Retype exactly the lines from the one that contains "清明菜可以種植嗎？清明菜怎么種植？" through the end of the listing, both included, but not the pictures.

● **Given data**:
--- START ---
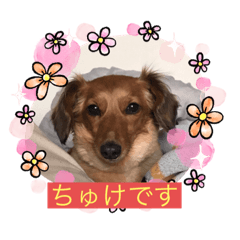 [LINEスタンプ] ちゅけこのスタンプ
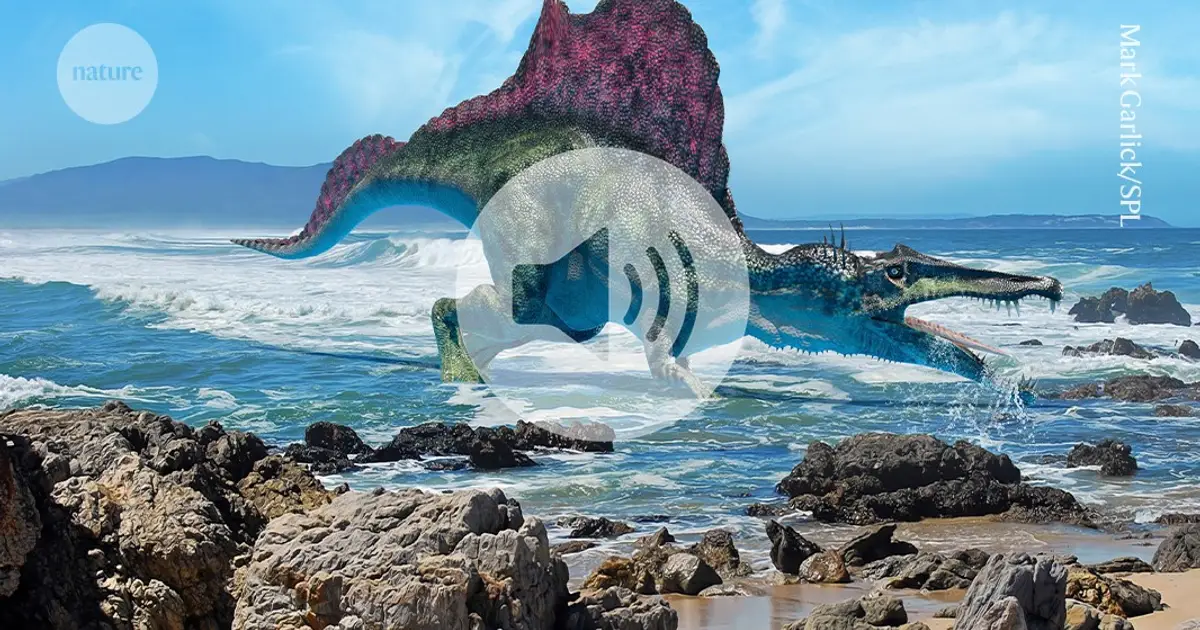 Briefing chat: Spinosaurs with salt glands could have lived in marine environments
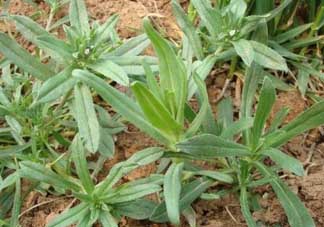 清明菜可以種植嗎？清明菜怎么種植？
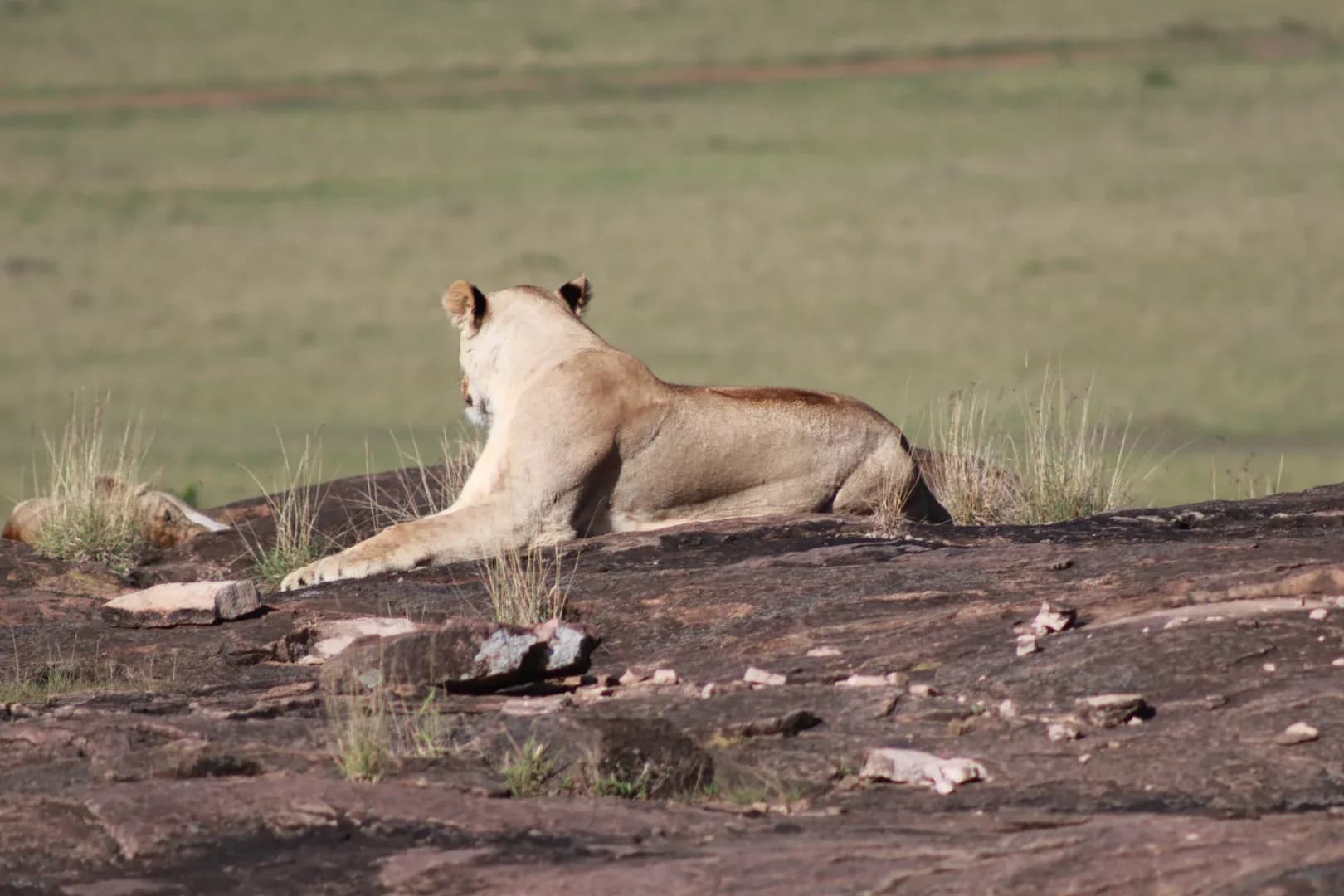 3 days Masai mara fascinating safari Adveture photo 5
--- END ---
● **Answer to this exercise**:
 清明菜可以種植嗎？清明菜怎么種植？
 3 days Masai mara fascinating safari Adveture photo 5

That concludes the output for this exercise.